• You know you're getting old when...

    Last night I was woken up by loud female screaching and giggling at 3am. I'd only just dropped off being a night owl and don't sleep well at the best of times, so this was exceedingly annoying.

    How people survive with noisy neighbours I will never know, and I have a HUGE amount of sympathy for them.

    Truth is, I live in a sleepy backwater, which is blissfully quiet, and young people generally can't afford the area - hence no students and general peace. Unfortunately young people can no longer afford to buy their own flats or even the rent required, and so are continuing to live with their parents. And these particular parents are evidently away allowing their 2 sons to run riot and invite their giggling girlfriends for sleepovers, no doubt plying themselves with booze first and deciding that screaming in the garden at 3am is somehow a good idea. Result, a week of partying and waking up half the street. I know they woke up my lodger who has to get up at 7am to go work. Grr.

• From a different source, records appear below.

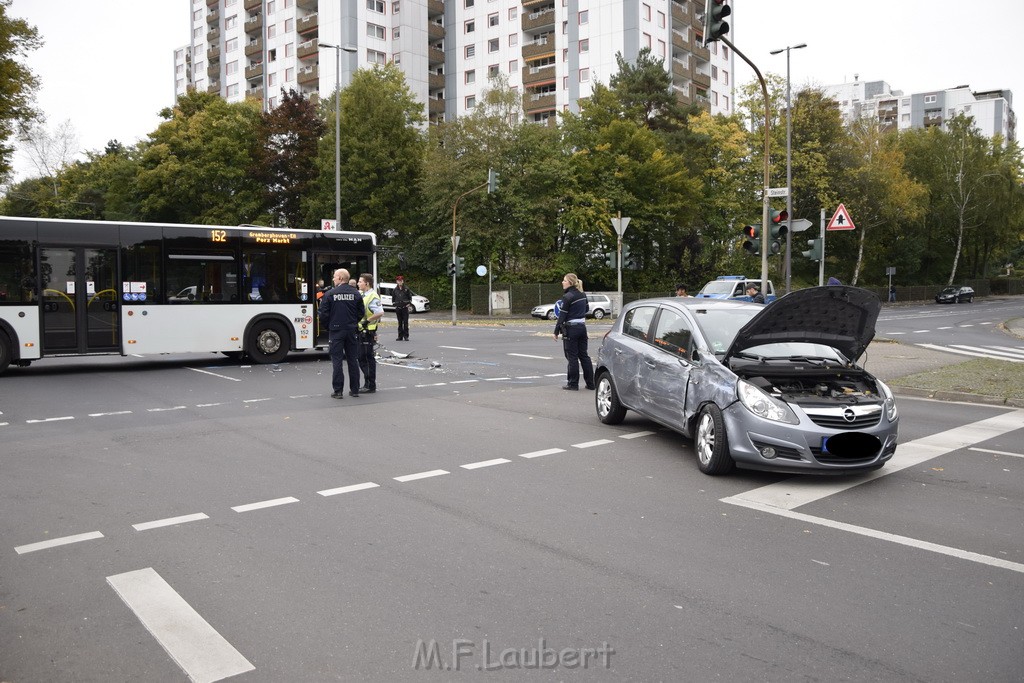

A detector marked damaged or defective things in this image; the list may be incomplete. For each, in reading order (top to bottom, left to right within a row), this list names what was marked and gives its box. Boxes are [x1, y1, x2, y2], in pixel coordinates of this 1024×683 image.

damaged gray car [592, 288, 896, 476]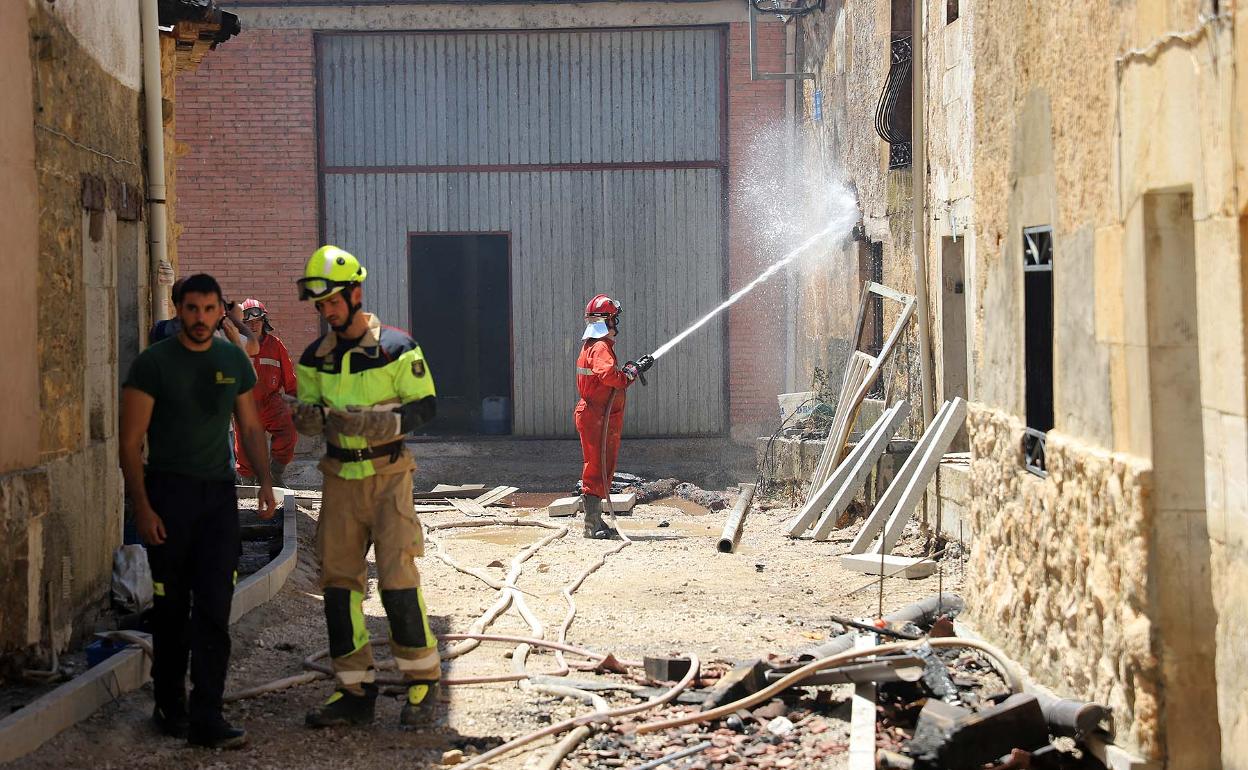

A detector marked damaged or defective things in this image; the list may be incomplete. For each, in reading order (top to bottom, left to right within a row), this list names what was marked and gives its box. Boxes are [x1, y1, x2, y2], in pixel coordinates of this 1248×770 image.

damaged building [0, 0, 238, 676]
damaged building [784, 0, 1240, 764]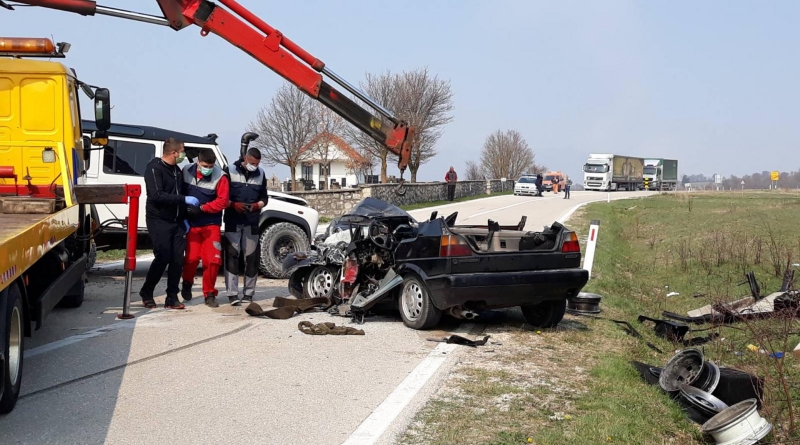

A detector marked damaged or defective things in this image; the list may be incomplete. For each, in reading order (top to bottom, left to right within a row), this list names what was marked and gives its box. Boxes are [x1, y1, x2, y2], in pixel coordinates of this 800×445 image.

detached wheel [262, 222, 312, 278]
detached wheel [302, 264, 336, 298]
detached wheel [396, 270, 440, 330]
severely damaged car [282, 198, 588, 330]
detached wheel [520, 298, 564, 326]
broken car part [564, 292, 604, 316]
detached wheel [0, 282, 24, 412]
broken car part [660, 346, 704, 392]
broken car part [700, 398, 776, 444]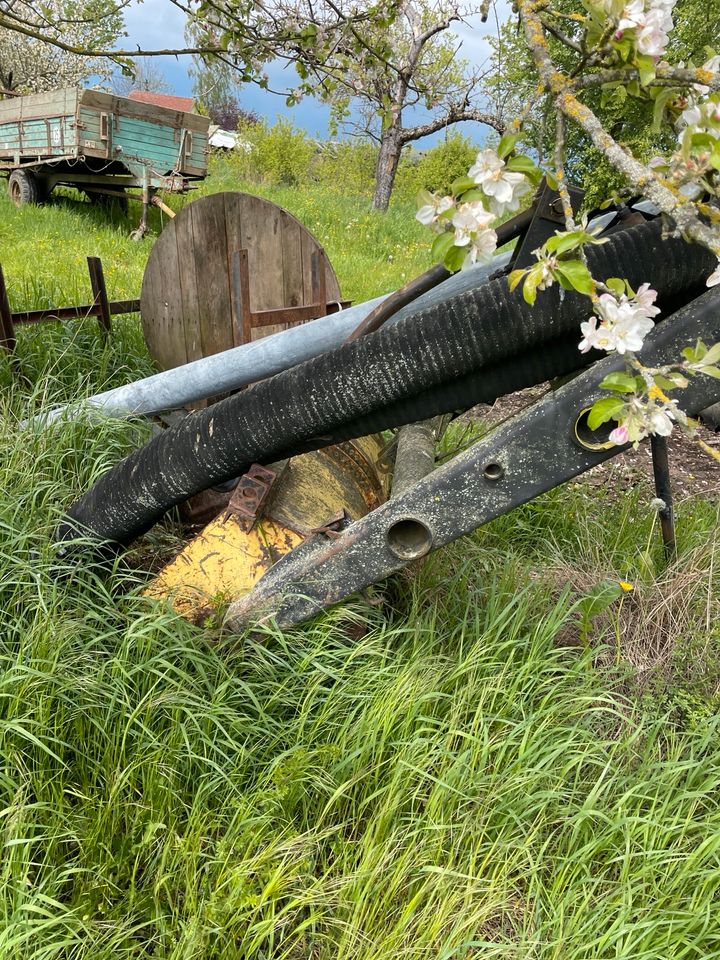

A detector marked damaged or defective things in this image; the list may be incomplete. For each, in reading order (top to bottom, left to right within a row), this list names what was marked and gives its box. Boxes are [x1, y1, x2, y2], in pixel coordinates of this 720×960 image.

    Now when exactly did I turn into this grumpy old bird? After all I'm no stranger to noise and lack of sleep - everytime we do some touring I have to share accommodation with the band and invariably people roll in drunk at all hours and someone always snores and as a light sleeper I don't get much rest. But it's always temporary. It's work. It's with the knowledge that I can catch up when I get back to my peaceful lair. Which is currently far from peaceful.

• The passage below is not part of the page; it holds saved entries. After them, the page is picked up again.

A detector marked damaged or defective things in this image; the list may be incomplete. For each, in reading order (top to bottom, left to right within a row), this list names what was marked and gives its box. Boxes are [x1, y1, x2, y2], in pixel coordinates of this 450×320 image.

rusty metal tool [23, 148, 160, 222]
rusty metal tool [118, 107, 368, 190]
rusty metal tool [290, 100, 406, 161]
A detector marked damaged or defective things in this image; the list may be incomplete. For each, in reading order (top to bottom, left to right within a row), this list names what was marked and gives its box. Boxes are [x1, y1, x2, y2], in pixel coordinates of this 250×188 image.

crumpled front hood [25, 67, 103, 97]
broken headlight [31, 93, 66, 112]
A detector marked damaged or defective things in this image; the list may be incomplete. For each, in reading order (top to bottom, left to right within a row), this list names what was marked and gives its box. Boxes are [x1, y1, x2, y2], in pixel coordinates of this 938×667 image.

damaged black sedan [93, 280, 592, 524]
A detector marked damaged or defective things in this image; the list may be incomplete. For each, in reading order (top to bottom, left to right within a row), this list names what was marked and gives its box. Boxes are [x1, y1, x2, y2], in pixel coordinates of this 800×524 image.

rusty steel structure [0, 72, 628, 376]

    In fact it's now hard to imagine that I behaved like that as a teenager, but of course I did. And generally mixed with alcohol which I think is at the root of most antisocial behaviour. Yes you've guessed it - I don't drink much anymore and haven't for a long time. Makes me feel ill and brings out the worst in me, so no point in doing something I no longer enjoy. Unfortunately most people I know (of all ages) still do and still demonstrate some of these antisocial traits we're all familiar with. But not to the extent of teenagers.

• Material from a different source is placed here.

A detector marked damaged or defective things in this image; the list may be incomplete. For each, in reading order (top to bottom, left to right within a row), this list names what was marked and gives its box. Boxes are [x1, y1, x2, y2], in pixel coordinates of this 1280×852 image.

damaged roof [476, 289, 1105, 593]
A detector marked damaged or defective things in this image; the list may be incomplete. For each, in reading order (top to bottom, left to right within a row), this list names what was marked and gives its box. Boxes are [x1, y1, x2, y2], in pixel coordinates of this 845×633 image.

    I now have a serious disconnect to my teenage years. I know I was a complete nightmare. And I mean COMPLETE. But it's like looking at a past life, or a parallel existence, with little empathy for my behaviour and an overwhelming gratitude that I came out of it in one piece. No wonder then that I generally find teeagers extremely irritating, from the inane conversations ('ooh, I think he fancies me..) to the inexperience of knowing their limits and the extraordinary inconsideration towards others which I'm told is hormonal. That doesn't make it any more palatable.

    Yup - I've become the grumpy git next door! Perhaps I'll eventually morph into the old lady who whacks people across the shins with my walking stick....

    5 Comments

    • 1. Sep 16 2014 4:31PM by Ian Foxon

      Getting old's a bitch isn't it? The slow realisation you have started to hate that which you once were, coupled with the guilt and shame of the hypocracy that entails. And God, I know what you mean when you hear them talk, were we truly so dumb? I guess it's a yes. However, to be honest. If I didn't need the sleep, suffer with the aches and have a genuine need to apply myself occasionally to some form of work, I for one would likely still be out there imbibing dangerous chemicals, failing miserably to impress girls and keeping you awake at night ;)

    • 2. Sep 16 2014 5:03PM by Rick Palin

      I would like to say oh what lovely little fellas they must be. However, due to my advancing years i would be more likely to lean out of the window with a catapult and some spare buckshot. Might be a little draconian but boy does it work. Besides think yourself lucky I live next door to an indian couple of which the wife always has to shout at her husband in the back garden at 6am EVERY DAY! Now apart from the fact she sounds like a harpie crossed with a rapidly deflating tyre ( to picture this more vividly imagine Freddie Krugers claws going down a chalkboard) I am horribly insulted by my local councils denial of my request for voluntary euthanasia ( a new service i am introducing, very competitive rates, if a tad messy). I digress, i have turned that frown upside down though i just picture how much energy it is saving me, I never have to make sure to charge my phone to ensure the alarm goes off on time!

    • 3. Sep 16 2014 6:47PM by Mark

      For all that getting old is a bit of a pain, it's preferable to the alternative.

      And I am sure that teenagers have abysmal hearing, otherwise why would they need to be so loud? This is backed up by my experience with my own kids - they never hear when you speak to them.

    • 4. Sep 18 2014 11:54AM by ande

      I knew I was getting old when I finally managed to come to terms with it, one of maturing's less publicized effects. Thankfully some very interesting people are drawing similar conclusions...

    • 5. Apr 3 2016 7:56PM by Rob Evenden

      I have only just read this. I can't handle most teenagers either as their general idiocy makes me want to throttle them.

      I suppose I was one at some stage, but I think I just went straight from quiet kid to an adult who doesn't tolerate anti-social plebs, especially their woeful taste in "music".